More recently, the United States has begun to inspect southbound traffic at the
land ports of entry in an effort to intercept drugs and cash destined to the drug
cartels. The drug cartels operate wholesale and retail businesses that dominate a
$215 billion U.S. market. U.S. authorities seized $138 million last year, an amount
that is microscopic compared to the market, and minuscule in comparison to the
$18 billion to $39 billion a year the Drug Enforcement Agency estimates is being
smuggled to Mexico every year. The number of southbound firearms
intercepted can be counted on two hands.

The drug cartels are mature major businesses, possessing sophisticated
communications, transportation and intelligence systems. They are richly
informed about the environment in which they conduct their criminal operations
and highly skilled at evaluating risk and executing strategic and tactical
operations based on risk judgments. They look like any global business
organization that can quickly, flexibly, and effectively respond to virtually any
opportunity, challenge, or changing situation.

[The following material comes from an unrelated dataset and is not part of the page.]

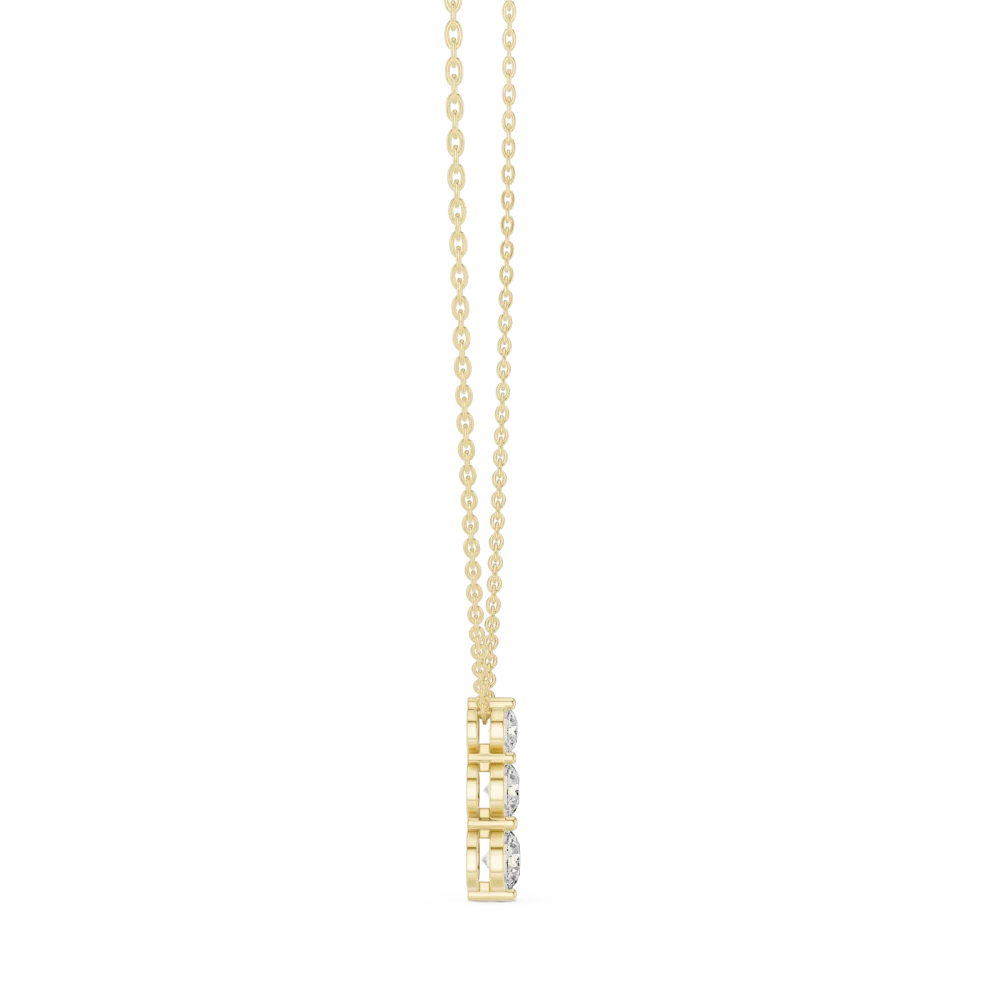 Luminary Round Brilliant Triple Stone Linear Solitaire Pendant - Image 3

These criminal organizations are skilled at discovering and exploiting
weaknesses between the ports of entry. When looking to smuggle drugs and
people into the United States, they reject a 70 percent risk of failure between the
ports and choose to traffic through the ports, which carry only a 30 percent risk
of failure.

The Texas Border Coalition is working to implement the recommendations of the
Government Accountability Office that we need 5,000 new officers -- and that
estimate was before we placed a new emphasis on southbound checks -- and $5
billion in infrastructure and technology to secure the ports of entry. We are
working in coalitions to lobby Congress to secure the appropriations that are
crucial to the security of our region and nation.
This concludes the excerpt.